BEGIN SUPPLIED RECORDS

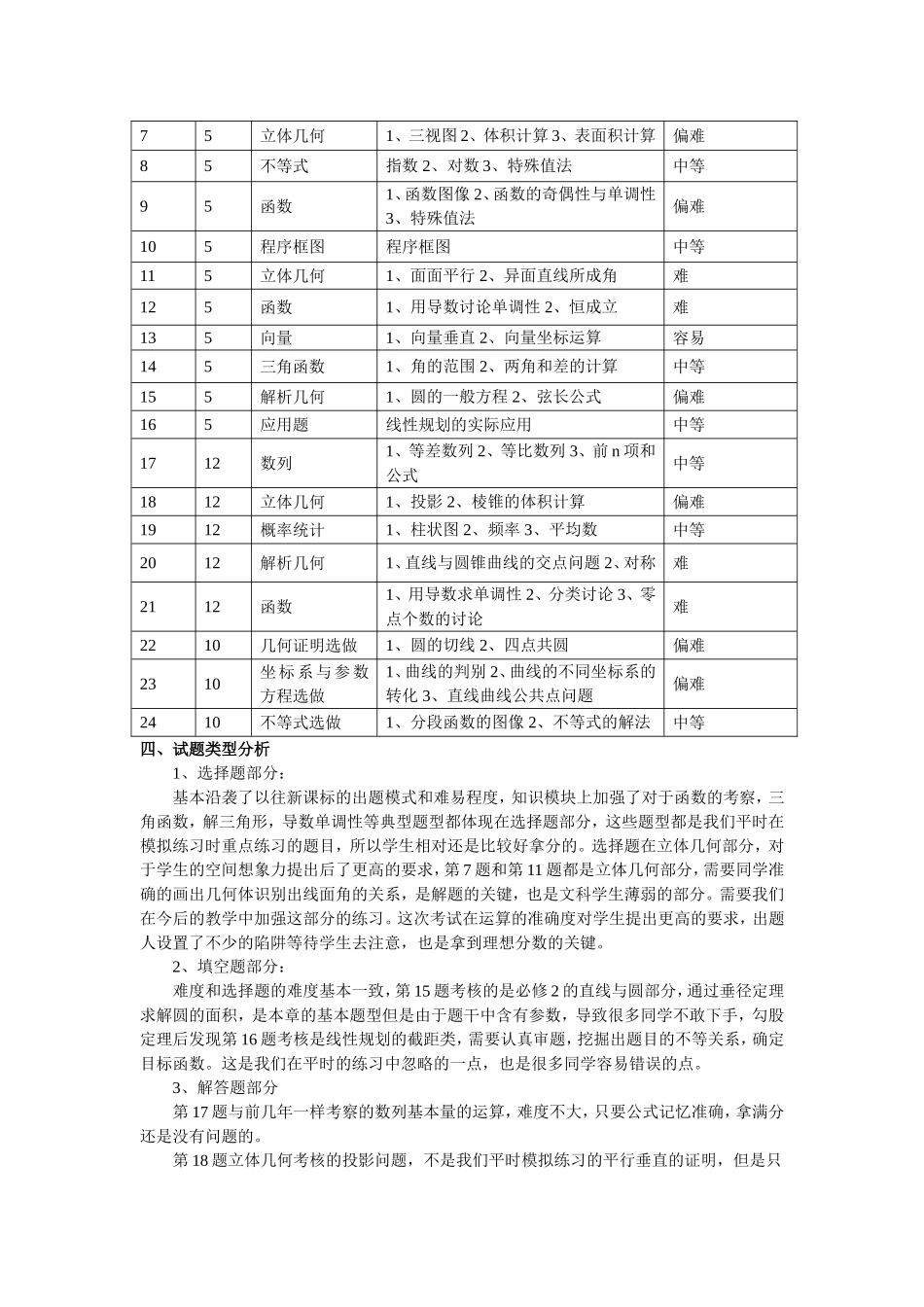 2016年全国1卷试卷分析_第2页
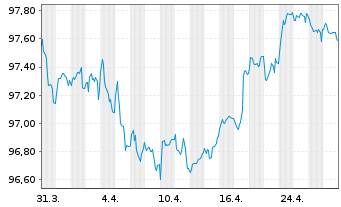 Chart Abertis Infraestructuras S.A. EO-MTN. 2020(20/29) - 1 Month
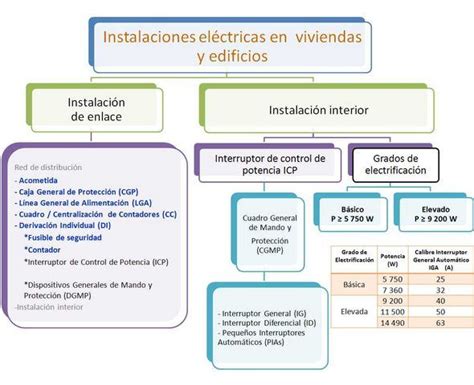 Mapa Conceptual De Instalaciones Electricas De Residencias Images And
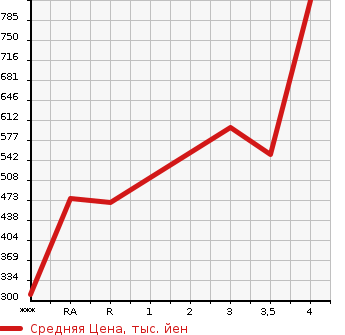 Аукционная статистика: График изменения цены MAZDA BONGO TRUCK 2018 SLP2T в зависимости от аукционных оценок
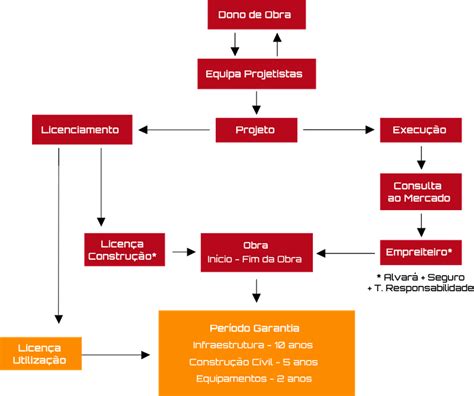 Gest O De Projeto De Constru O Civil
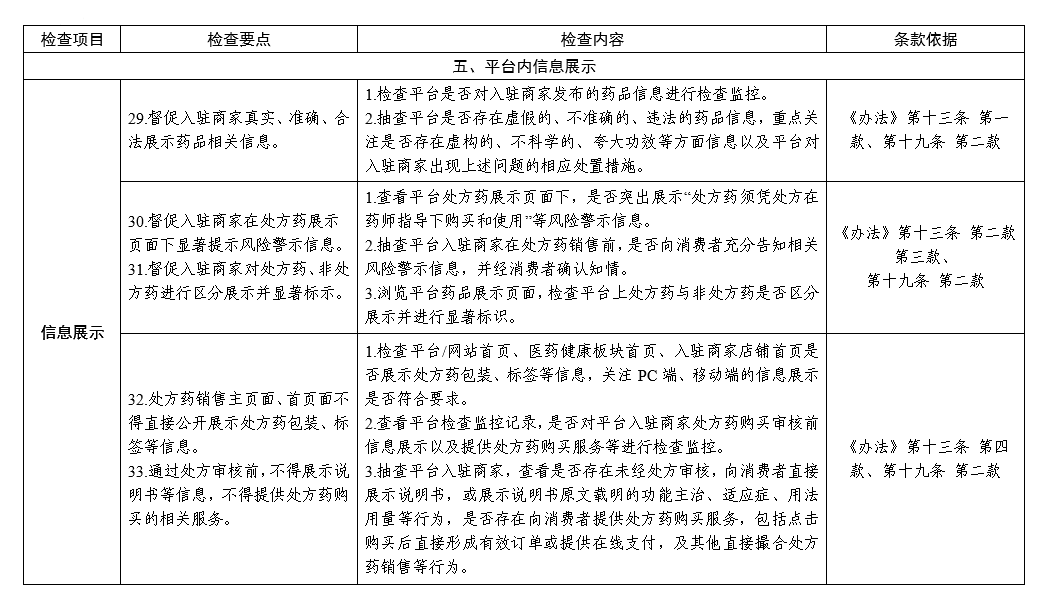 国家药监局综合司关于印发药品网络交易第三方平台检查指南（试行）的通知（药监综药管函〔2023〕691号）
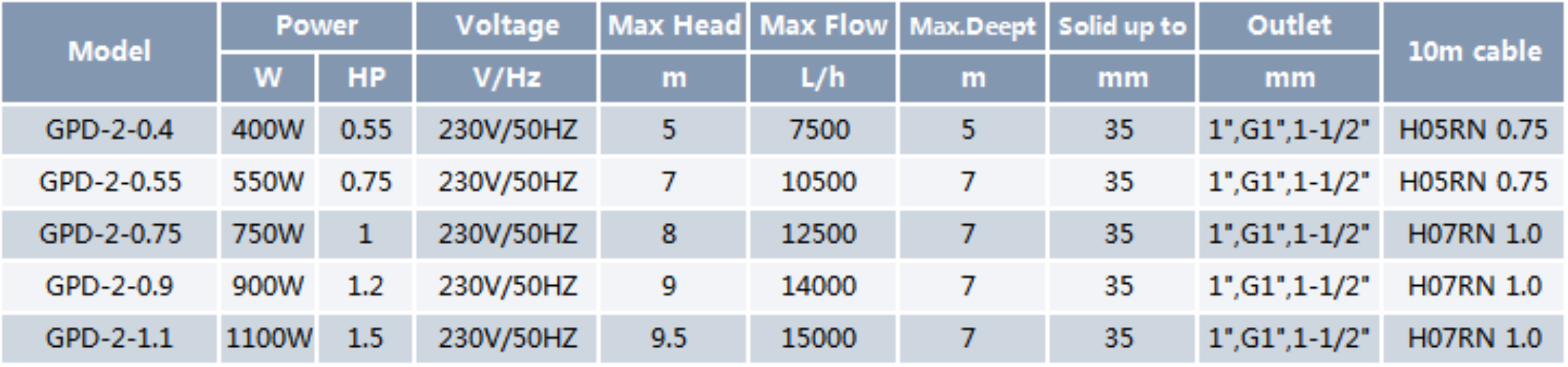 Dirty Water Submersible Pump GPD-2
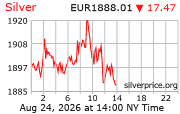 Cena striebra v EUR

END SUPPLIED RECORDS

TASK ITEM. Write out the records shown above exactly, but do not include any images.

TASK RESULT.
 2016年全国1卷试卷分析_第2页
 Chart Abertis Infraestructuras S.A. EO-MTN. 2020(20/29) - 1 Month
 Mapa Conceptual De Instalaciones Electricas De Residencias Images And
 Аукционная статистика: График изменения цены MAZDA BONGO TRUCK 2018 SLP2T в зависимости от аукционных оценок
 Gest O De Projeto De Constru O Civil
 国家药监局综合司关于印发药品网络交易第三方平台检查指南（试行）的通知（药监综药管函〔2023〕691号）
 Dirty Water Submersible Pump GPD-2
 Cena striebra v EUR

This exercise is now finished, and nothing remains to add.